Сэм вздохнул и ослепительно улыбнулся двум пожилым дамам, которые как раз вошли в обеденный зал, громко разговаривая, — очевидно, обе были туги на ухо.
— Терпеть не могу эти комплексные обеды «Ранняя пташка», — проворчал Сэм. — Они совершенно не окупаются.
— Но у «Миллера» всегда подавали «Раннюю пташку», — заступилась за традицию Мэри. — Это вроде как наш жест доброй воли.
— К черту добрую волю, нам нужны прибыли. И с каких это пор ты стала такой сторонницей традиций? По-моему, ты всегда жаловалась, что мы слишком много времени проводим на работе…
— Сэм, ты слышал, что я сказала про полицию?
— Ты ответила на все их вопросы. Так чего волноваться?
— Ты отлично знаешь, что́ меня волнует. Ведь я сказала им не всю правду.
— Твои домыслы, Мэри, им неинтересны. Равно как и сплетни четырнадцатилетней давности.
— Это не сплетни, это сущая правда. Очень важная информация. Я думаю, мне следует отправиться в полицию и все им рассказать.
— Это просто смешно!
— Почему?
— Мэри, ты не можешь взять и уйти, ведь ты хозяйка заведения. Кроме того, визит в полицию все равно что поход в больницу — ты проторчишь там весь вечер. Да и вообще, ни к чему тебе ввязываться в дело, не имеющее к тебе никакого отношения.
— То есть как «не имеющее отношения»? — возмутилась Мэри. — Линда была моей подругой.
— Это было сто лет назад. Все мы были тогда детьми…
— Ну и что? Ведь ее убили. Какая разница, сколько лет мы не виделись? Кто-то убил Линду, запихнул ее тело в мешок для мусора и выкинул на помойку.
— Ты ведь ничего на самом деле не знаешь, — урезонивал ее Сэм. — Подумаешь, какая-то сплетня, которую подружка сообщила тебе четырнадцать лет назад. Мэри, давай смотреть правде в глаза. Линду убил какой-то сексуальный маньяк. Может быть, тот же самый тип, который прикончил девочку — ту самую, что нашли в болоте. Как там ее назвали?
— Эмбер, — раздраженно бросила Мэри.
— Вот-вот. Конечно, невесело думать, что у нас по городу разгуливает опасный псих, но, во всяком случае, это более правдоподобно, чем твои фантазии.
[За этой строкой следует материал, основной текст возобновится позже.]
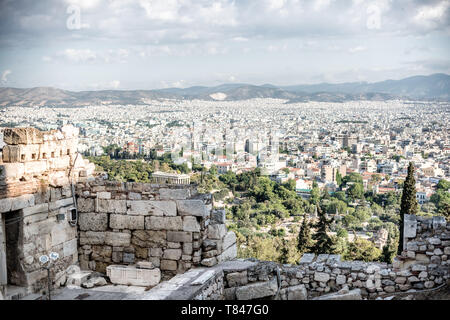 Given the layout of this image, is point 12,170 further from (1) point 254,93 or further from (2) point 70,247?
(1) point 254,93

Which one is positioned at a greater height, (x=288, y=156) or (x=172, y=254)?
(x=172, y=254)

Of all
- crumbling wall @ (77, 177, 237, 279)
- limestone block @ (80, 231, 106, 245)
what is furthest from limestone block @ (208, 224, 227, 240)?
limestone block @ (80, 231, 106, 245)

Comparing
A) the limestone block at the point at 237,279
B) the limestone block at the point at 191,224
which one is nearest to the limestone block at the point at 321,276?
the limestone block at the point at 237,279

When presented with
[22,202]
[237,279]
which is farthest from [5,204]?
[237,279]

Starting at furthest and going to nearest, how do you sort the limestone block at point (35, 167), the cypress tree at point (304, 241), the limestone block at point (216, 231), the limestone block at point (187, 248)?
the cypress tree at point (304, 241) < the limestone block at point (216, 231) < the limestone block at point (187, 248) < the limestone block at point (35, 167)

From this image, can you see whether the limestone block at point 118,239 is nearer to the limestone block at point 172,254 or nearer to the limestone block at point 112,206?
the limestone block at point 112,206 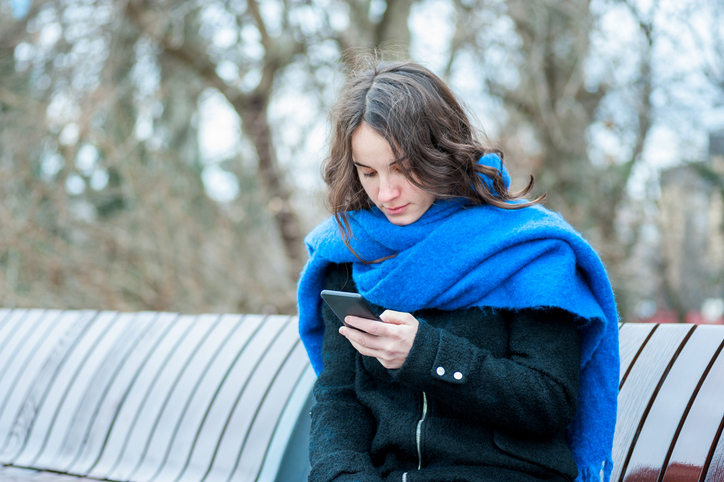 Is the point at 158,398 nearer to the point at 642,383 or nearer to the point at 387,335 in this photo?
the point at 387,335

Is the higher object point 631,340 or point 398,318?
point 398,318

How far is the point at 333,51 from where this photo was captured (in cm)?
581

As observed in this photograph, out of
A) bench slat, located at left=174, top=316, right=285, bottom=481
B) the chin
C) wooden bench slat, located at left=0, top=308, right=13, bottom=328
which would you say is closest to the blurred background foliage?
wooden bench slat, located at left=0, top=308, right=13, bottom=328

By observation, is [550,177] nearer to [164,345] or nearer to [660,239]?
[660,239]

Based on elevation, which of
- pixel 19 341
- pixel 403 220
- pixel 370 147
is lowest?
pixel 19 341

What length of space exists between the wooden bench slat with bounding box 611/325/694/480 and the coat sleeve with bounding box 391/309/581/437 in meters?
0.56

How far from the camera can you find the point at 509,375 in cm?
144

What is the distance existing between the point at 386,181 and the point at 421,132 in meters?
0.14

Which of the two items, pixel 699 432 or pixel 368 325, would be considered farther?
pixel 699 432

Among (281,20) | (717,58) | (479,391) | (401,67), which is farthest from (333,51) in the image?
(479,391)

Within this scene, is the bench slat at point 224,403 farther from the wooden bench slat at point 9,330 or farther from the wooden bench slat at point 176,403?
the wooden bench slat at point 9,330

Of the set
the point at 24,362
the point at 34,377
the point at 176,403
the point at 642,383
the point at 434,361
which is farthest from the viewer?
the point at 24,362

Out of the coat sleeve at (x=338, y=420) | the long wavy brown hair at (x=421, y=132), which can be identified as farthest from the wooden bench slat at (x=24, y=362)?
the long wavy brown hair at (x=421, y=132)

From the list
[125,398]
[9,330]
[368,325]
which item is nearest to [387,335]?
[368,325] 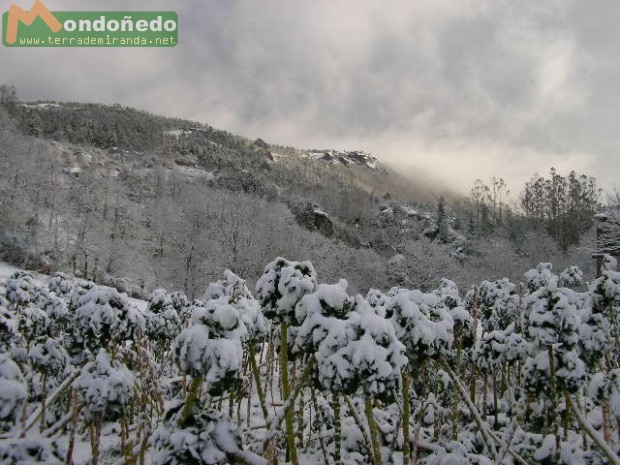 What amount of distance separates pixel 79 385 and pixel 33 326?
5484mm

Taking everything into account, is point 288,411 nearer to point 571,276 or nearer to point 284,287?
point 284,287

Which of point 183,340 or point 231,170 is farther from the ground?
point 231,170

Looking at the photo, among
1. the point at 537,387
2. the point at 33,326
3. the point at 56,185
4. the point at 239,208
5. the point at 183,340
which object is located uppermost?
the point at 56,185

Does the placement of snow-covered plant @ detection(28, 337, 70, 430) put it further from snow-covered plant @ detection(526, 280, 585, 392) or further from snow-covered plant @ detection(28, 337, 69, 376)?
snow-covered plant @ detection(526, 280, 585, 392)

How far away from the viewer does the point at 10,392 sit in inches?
84.7

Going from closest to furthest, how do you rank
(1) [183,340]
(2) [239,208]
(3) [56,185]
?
(1) [183,340] < (2) [239,208] < (3) [56,185]

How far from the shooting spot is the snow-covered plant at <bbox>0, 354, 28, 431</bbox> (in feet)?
7.02

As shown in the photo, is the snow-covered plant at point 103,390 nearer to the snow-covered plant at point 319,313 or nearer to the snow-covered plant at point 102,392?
the snow-covered plant at point 102,392

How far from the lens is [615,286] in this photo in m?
4.54

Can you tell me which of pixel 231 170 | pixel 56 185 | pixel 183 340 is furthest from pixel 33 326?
pixel 231 170

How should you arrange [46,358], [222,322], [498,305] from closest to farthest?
[222,322] → [46,358] → [498,305]

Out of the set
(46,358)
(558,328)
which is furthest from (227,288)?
(558,328)

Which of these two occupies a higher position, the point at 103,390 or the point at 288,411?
the point at 103,390

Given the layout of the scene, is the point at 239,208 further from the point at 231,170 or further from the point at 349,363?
the point at 231,170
Ты почитай газеты. Такие вещи случаются каждый день. Какой-нибудь чокнутый окончательно сходит с ума и убивает ни в чем не повинных женщин. У полиции большой опыт ведения таких дел. Зачем тебе совать свой нос в эту историю?
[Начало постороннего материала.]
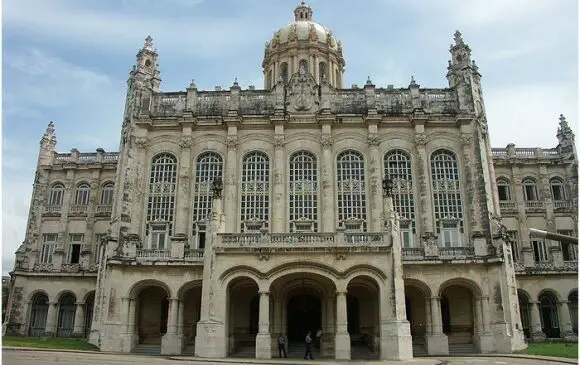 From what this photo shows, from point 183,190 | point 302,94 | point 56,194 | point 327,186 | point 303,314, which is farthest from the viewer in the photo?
point 56,194

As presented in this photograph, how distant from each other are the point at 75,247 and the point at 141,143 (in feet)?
42.4

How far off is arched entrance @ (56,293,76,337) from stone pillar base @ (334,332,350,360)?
2526cm

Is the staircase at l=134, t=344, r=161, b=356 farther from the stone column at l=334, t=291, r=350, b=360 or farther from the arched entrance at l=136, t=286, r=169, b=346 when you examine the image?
the stone column at l=334, t=291, r=350, b=360

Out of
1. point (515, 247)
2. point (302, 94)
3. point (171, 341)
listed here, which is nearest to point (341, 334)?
point (171, 341)

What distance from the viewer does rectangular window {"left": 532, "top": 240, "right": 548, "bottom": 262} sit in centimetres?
4091

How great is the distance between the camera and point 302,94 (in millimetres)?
37438

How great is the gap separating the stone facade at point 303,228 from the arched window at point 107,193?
0.27 metres

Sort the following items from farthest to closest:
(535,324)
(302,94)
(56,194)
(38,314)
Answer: (56,194)
(38,314)
(535,324)
(302,94)

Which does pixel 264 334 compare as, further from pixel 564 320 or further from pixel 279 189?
pixel 564 320

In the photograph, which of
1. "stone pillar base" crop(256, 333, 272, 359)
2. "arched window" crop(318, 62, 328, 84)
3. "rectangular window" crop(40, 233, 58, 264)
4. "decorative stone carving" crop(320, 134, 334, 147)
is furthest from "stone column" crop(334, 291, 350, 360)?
"rectangular window" crop(40, 233, 58, 264)

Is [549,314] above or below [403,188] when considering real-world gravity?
below

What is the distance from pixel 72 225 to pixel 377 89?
93.7 feet

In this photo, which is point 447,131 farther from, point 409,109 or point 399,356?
point 399,356

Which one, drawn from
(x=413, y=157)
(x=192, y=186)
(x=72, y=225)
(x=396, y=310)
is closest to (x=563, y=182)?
(x=413, y=157) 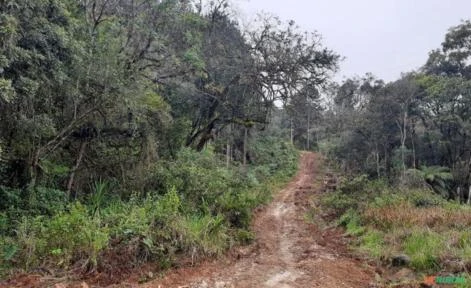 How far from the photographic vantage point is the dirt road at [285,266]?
21.4ft

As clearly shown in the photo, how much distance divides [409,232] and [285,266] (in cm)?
292

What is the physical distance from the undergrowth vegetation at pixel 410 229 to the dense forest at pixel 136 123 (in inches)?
10.0

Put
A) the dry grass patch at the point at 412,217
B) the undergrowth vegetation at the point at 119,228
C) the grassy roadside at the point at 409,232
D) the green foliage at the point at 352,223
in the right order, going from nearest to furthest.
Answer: the undergrowth vegetation at the point at 119,228
the grassy roadside at the point at 409,232
the dry grass patch at the point at 412,217
the green foliage at the point at 352,223

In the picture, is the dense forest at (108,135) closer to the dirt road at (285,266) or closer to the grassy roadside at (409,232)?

Мэри холодно взглянула на мужа:
— Я вижу, тебе все равно, кто убил мою подругу. Тебя интересует только одно — чтобы я не покидала рабочее место. Что у тебя за жизнь, Сэм? У тебя нет друзей, у тебя нет настоящей семьи, только один этот чертов ресторан. Много лет назад подруга сообщила мне нечто такое, что может иметь самое непосредственное отношение к убийству. Если ты думаешь, что я позволю себя запугать и утаю этот факт от полиции…
Сэм сердито взмахнул рукой:
— Делай что хочешь.
— И сделаю.
К ним подошел старик, опираясь на палку. Судя по всему, он не догадывался, что между супругами разгорелась ссора.
— Сынок, куда мне сесть? — спросил он, ткнув Сэма в бок.
Сэм едва сдержался, чтобы не рявкнуть на посетителя.
— Моя жена сейчас вас усадит, — осклабился он.
Мэри сунула мужу стопку меню:
— Нет, твоя жена никого усаживать не будет.
— Мэри! — зашипел Сэм, но она, не обращая на него внимания, направилась к двери.